After recently watching the increasingly popular documentary Miss Representation, which is about how women are negatively portrayed in the media, it led me to question the “pro-girl” attitude I believed the TV show Girls propagated.
At the end of the documentary while the credits are rolling, women come on to tell the audience how they can start challenging the misrepresentation of women in the media. One way is by watching and supporting movies, shows and other entertainment outlets created by women.
Great, I thought. I really like Girls, and that show is a powerhouse of women. Focused on the development of four twenty-something girls, it is created, written and directed by Lena Dunham, who in addition is also the major star. What makes it great is that it focuses on four real girls. They didn’t wake up every morning with perfect make-up and didn’t adhere to the Hollywood impossible standard of being thinner than a breadstick. Moreover, Lena Dunham’s character, Hannah, sends the message numerous times that she values her mind over her body, and is for the most part, happy with her own image.
This all great and refreshing in a society that is saturated by one dimensional female characters, but then after patting myself on the back for watching a show that breaks feminine stereotypes so successfully, I immediately thought of another line said in Miss Representation:
“Most films are stories of men’s lives that revolve around men – ‘Chick flicks’ are stories about women’s lives that revolve around men.”
Girls couldn’t possibly be considered a “chick flick,” I thought, their storylines are definitely not romanticized.
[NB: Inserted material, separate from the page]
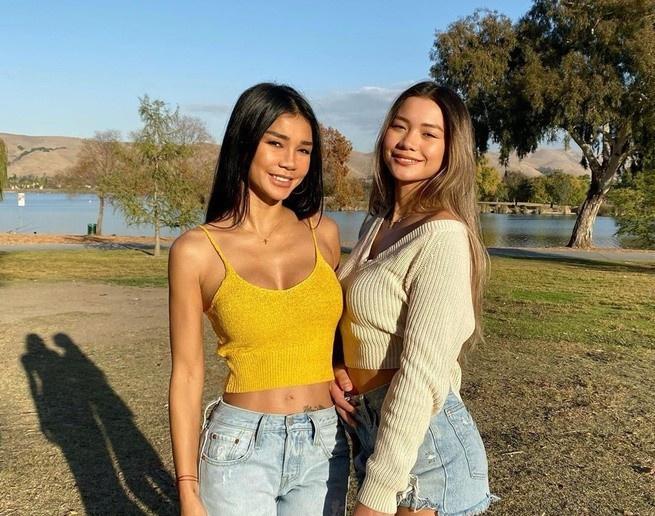 Joleen Diaz (43 tuổi, áo vàng) từng gây bão mạng khi loạt ảnh chụp cùng cô con gái Meilani Park (19 tuổi) được nhiều dân mạng chia sẻ. Không chỉ có vẻ ngoài trẻ hơn nhiều so với tuổi thật, Joleen còn sở hữu thân hình thon gọn, gợi cảm không kém các thiếu nữ. Hai mẹ con hiện sống tại California, Mỹ.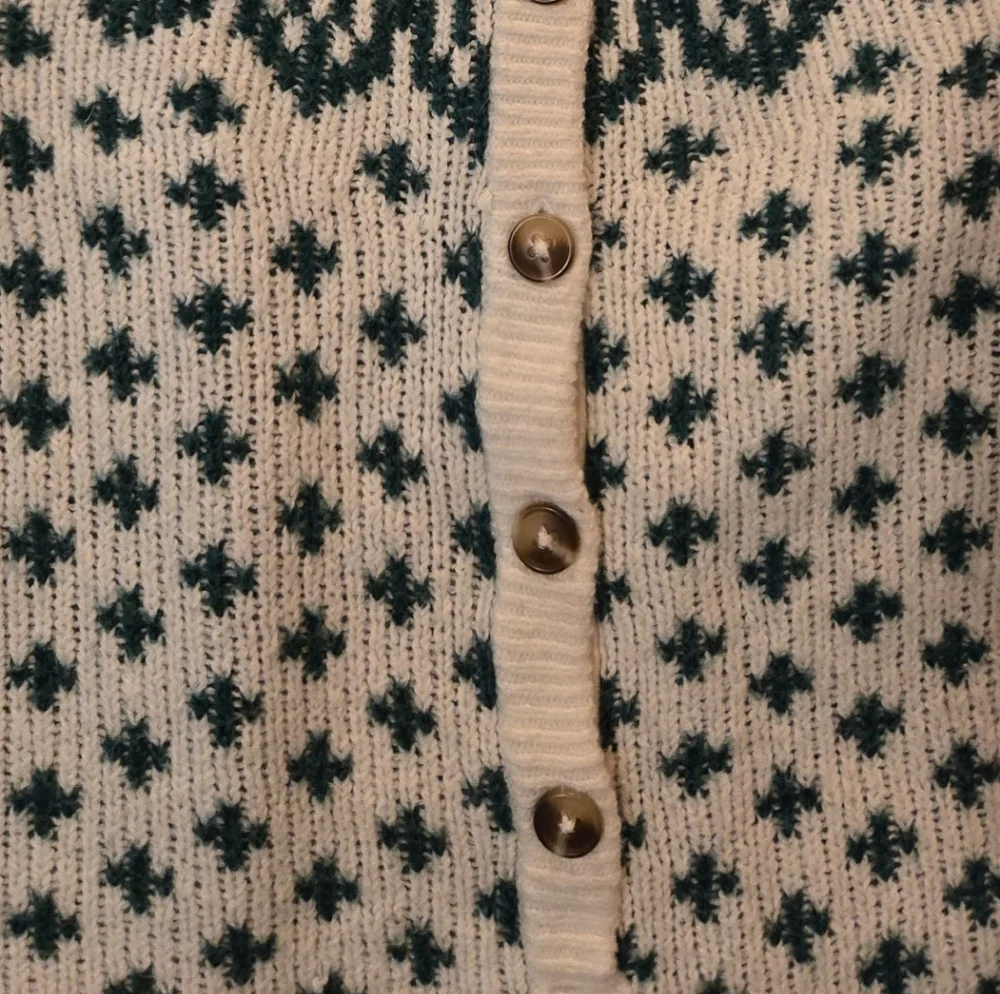 Old Navy Cream and Green Patterned Kids Footie 18 - 24 M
They are quite the opposite – gritty and frank. Yet, I soon realised that for all this, Girls still falls into the “chick flick” trap.
The past few episodes have all been about the girls and their relationship to boys. Hannah, the main character, is continuously trying to get more than just sexual interest from her not-boyfriend, Adam, who might possibly be the biggest douche on the planet. Hannah’s best friend, Marnie, spends a whole episode trying to get back with her boyfriend, even though she doesn’t like him anymore, and then spends another episode angry and lamenting that he has already found someone else. Jenna, the travelling hippie, meanwhile spends a whole evening at a rave with the father of the kids she babysits, who obviously doesn’t want to discuss their bed times, but more likely her own. Finally, Shoshanna, the resident virgin, is pretty much down for any guy, and is so desperate to lose her v-card that she tries to convince one guy that she’s not an “attached bleeder,” whatever that means.
For a show that claims to be about Girls, it seems odd that all the storylines revolve around men. I feel like the title Girls and Boys would be more appropriate at the moment. Where is the plot about Hannah trying to further her career as “the voice of a generation”? Or her struggle to become financially independent? What are the goals of the other three girls for that matter? We haven’t got that much information about them besides how they relate to men.
It’s frustrating to see how a show that has been remarked upon for its new and feminist approach to women has fallen victim to one of the most stereotypical feminine tropes in the media – that stories about women are only interesting if they revolve around their relationships with men.
I hope that Girls is able to re-focus it back onto the four main female characters, and not just their love lives, as it really is something new that portrays women much more realistically than ever before.